Exercise objective
Could you please transcribe the data exactly, without the pictures?

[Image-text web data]
=== Begin Enclosure ===
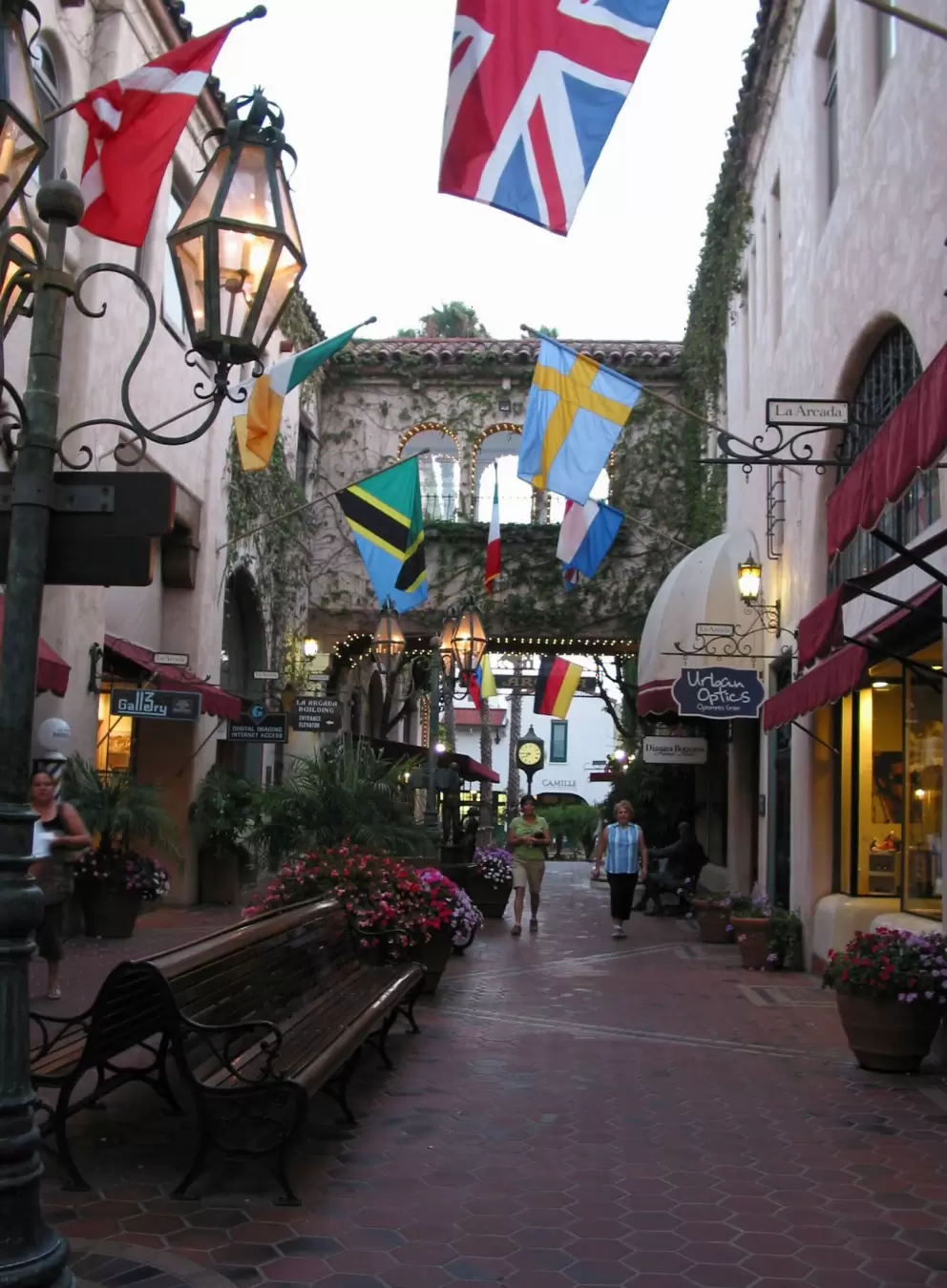Nighttime at La Arcada- if you want to impress your date, bring her here! I'll never forget the first time I saw La Arcada at night!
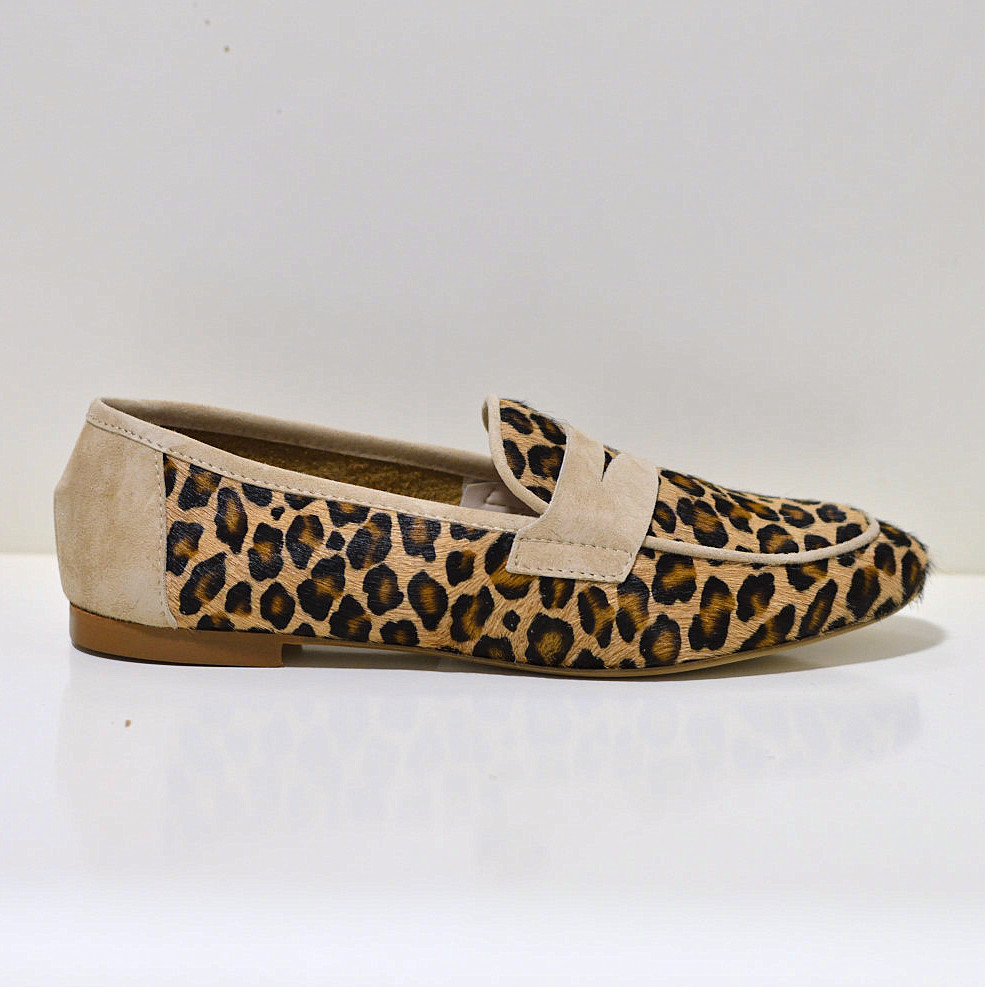 Gianluca Pisati Moccasins / Loafer Iris aus feinstem Cavallinoleder in Leo beige
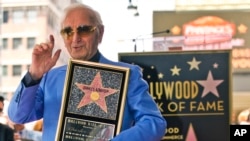 Chantè e konpozitè Charles Aznavour nan yon seremoni ki t ap onore li avèk yon etwal nan "Hollywood Walk of Fame in Los Angeles/Salon Selebrite Holiwood la nan Los Angeles" jedi 24 out 2017. (Foto: AP Photo/Damian Dovargane).د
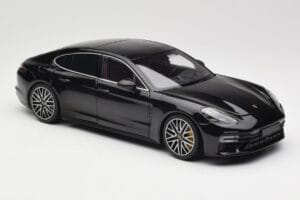 Porsche Panamera 971 Turbo S Musta Metallic Minichamps 1:18 113061076 Metalli — kuva 6 / 8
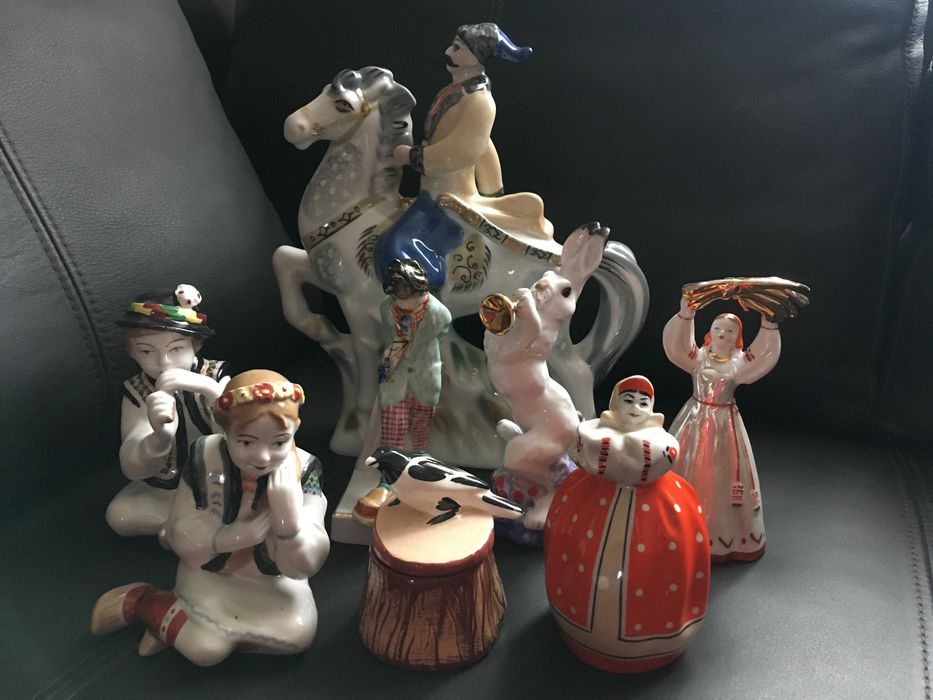 Статуетки фігурки порцелянові (фарфор)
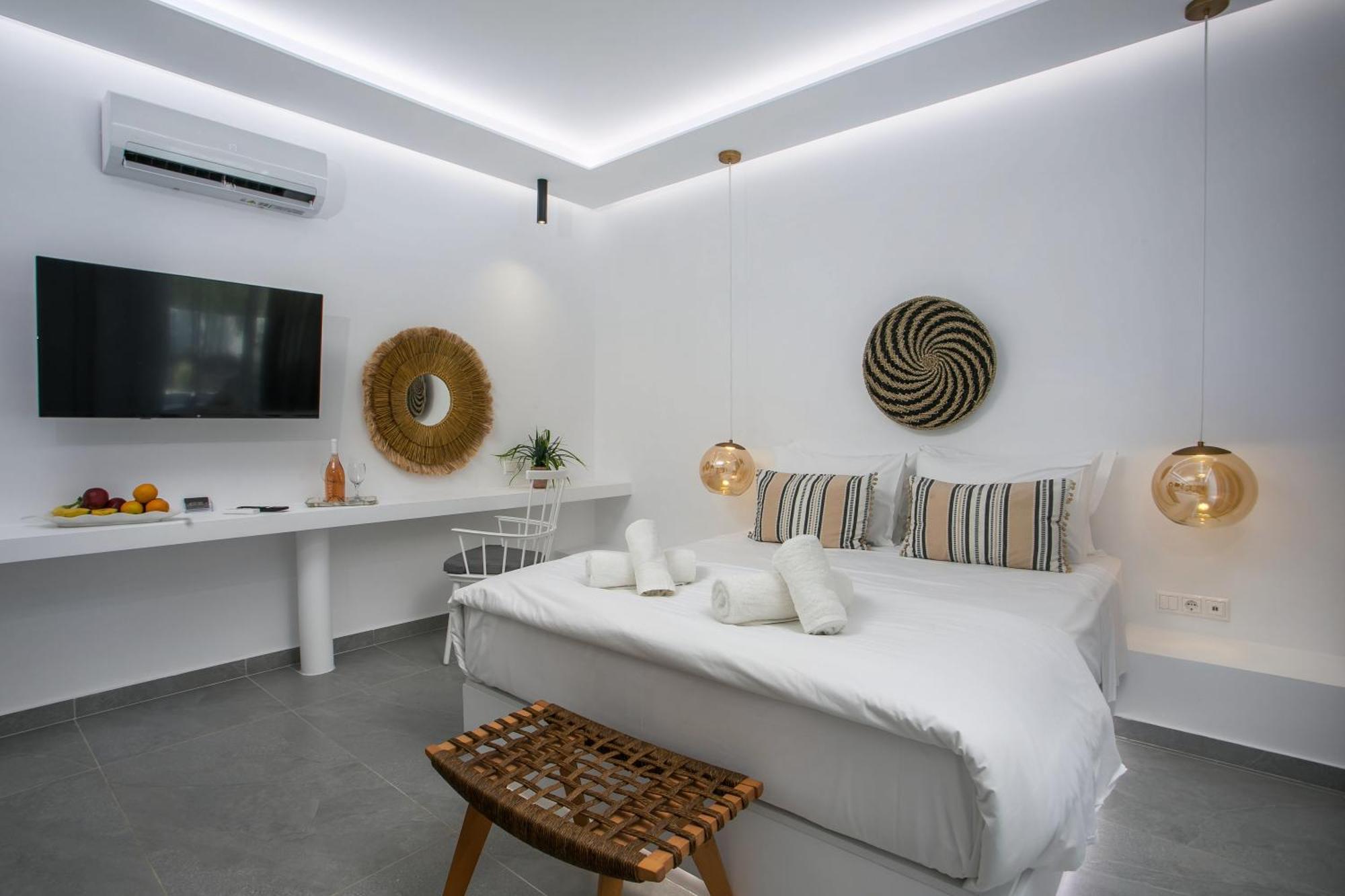 Calma Luxury Studios & Suites Faliraki Eksteriør billede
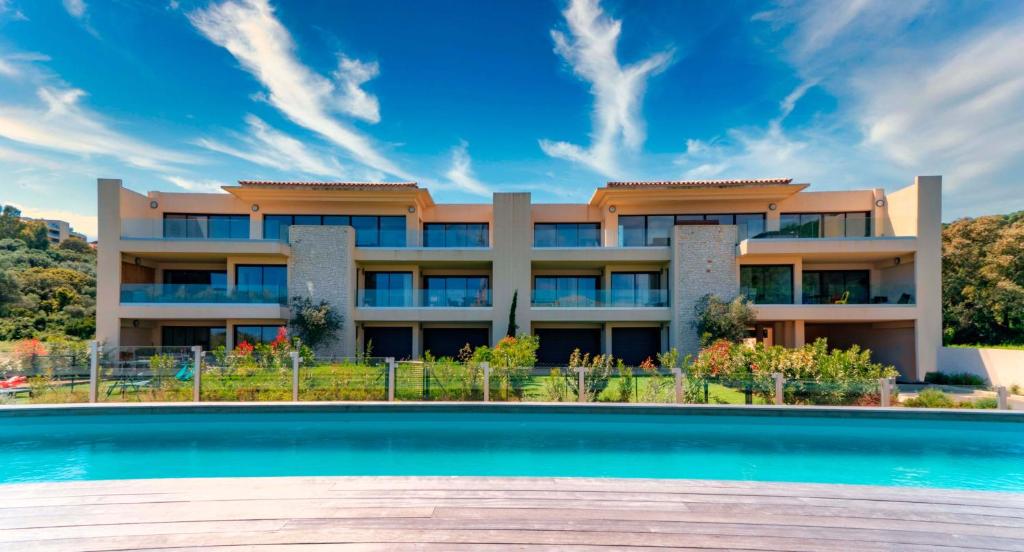Πισίνα στο ή κοντά στο Solaneos propose magnifique T4 neuf sur le port avec Piscine CHAUFFEE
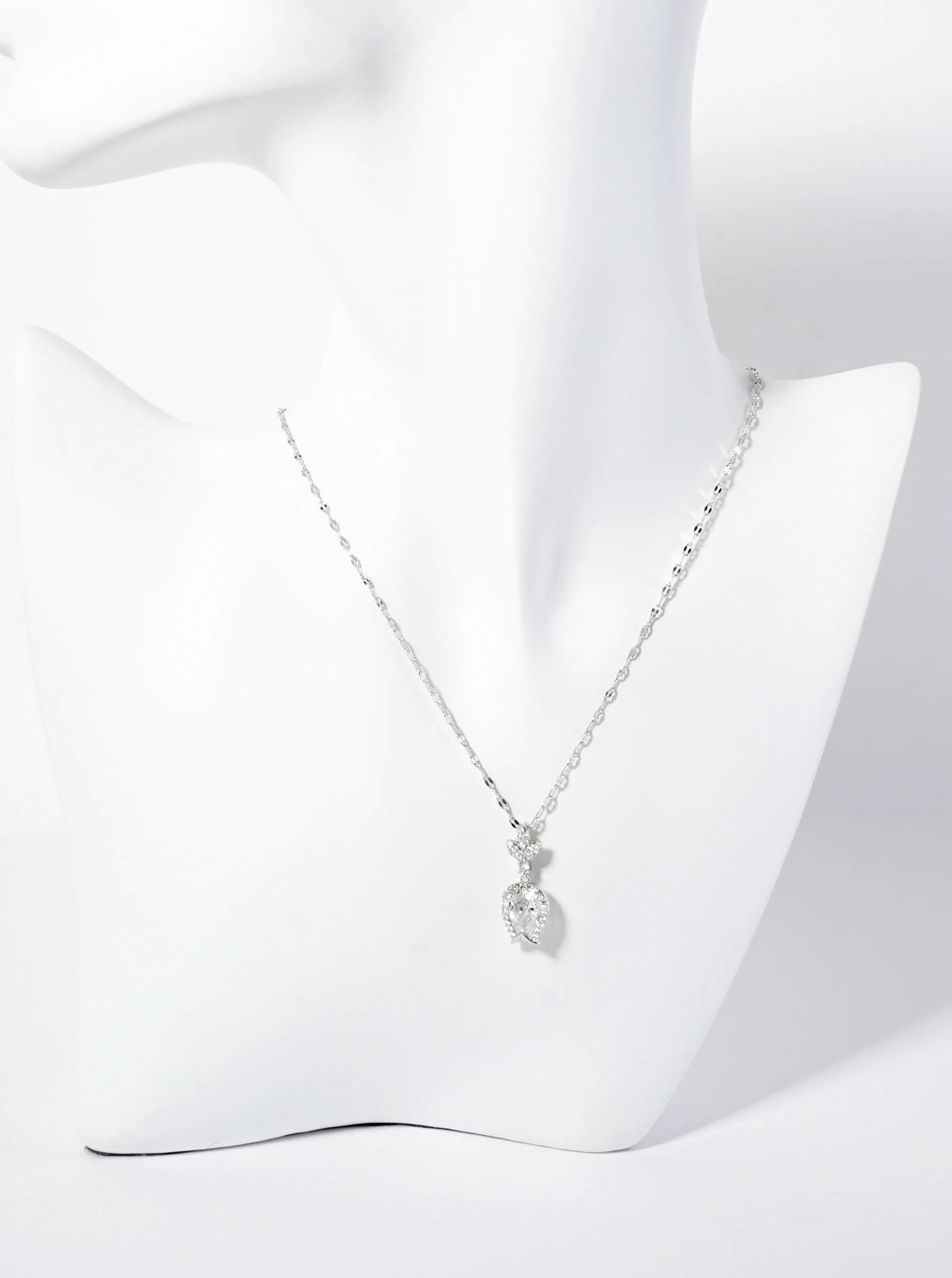 Botanical-Theme Upside-Down Tulip Design 18K-Gold-Dipped Cubic-Zirconia Pendant Necklace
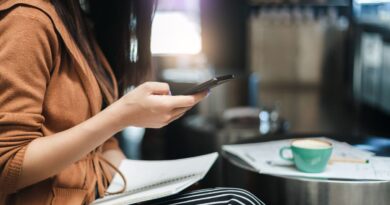 Adiós al efectivo, parejas mexicanas  reinventan su economía con pagos inmediatos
=== End Enclosure ===
Task output
Nighttime at La Arcada- if you want to impress your date, bring her here! I'll never forget the first time I saw La Arcada at night!
 Gianluca Pisati Moccasins / Loafer Iris aus feinstem Cavallinoleder in Leo beige
 Chantè e konpozitè Charles Aznavour nan yon seremoni ki t ap onore li avèk yon etwal nan "Hollywood Walk of Fame in Los Angeles/Salon Selebrite Holiwood la nan Los Angeles" jedi 24 out 2017. (Foto: AP Photo/Damian Dovargane).د
 Porsche Panamera 971 Turbo S Musta Metallic Minichamps 1:18 113061076 Metalli — kuva 6 / 8
 Статуетки фігурки порцелянові (фарфор)
 Calma Luxury Studios & Suites Faliraki Eksteriør billede
Πισίνα στο ή κοντά στο Solaneos propose magnifique T4 neuf sur le port avec Piscine CHAUFFEE
 Botanical-Theme Upside-Down Tulip Design 18K-Gold-Dipped Cubic-Zirconia Pendant Necklace
 Adiós al efectivo, parejas mexicanas  reinventan su economía con pagos inmediatos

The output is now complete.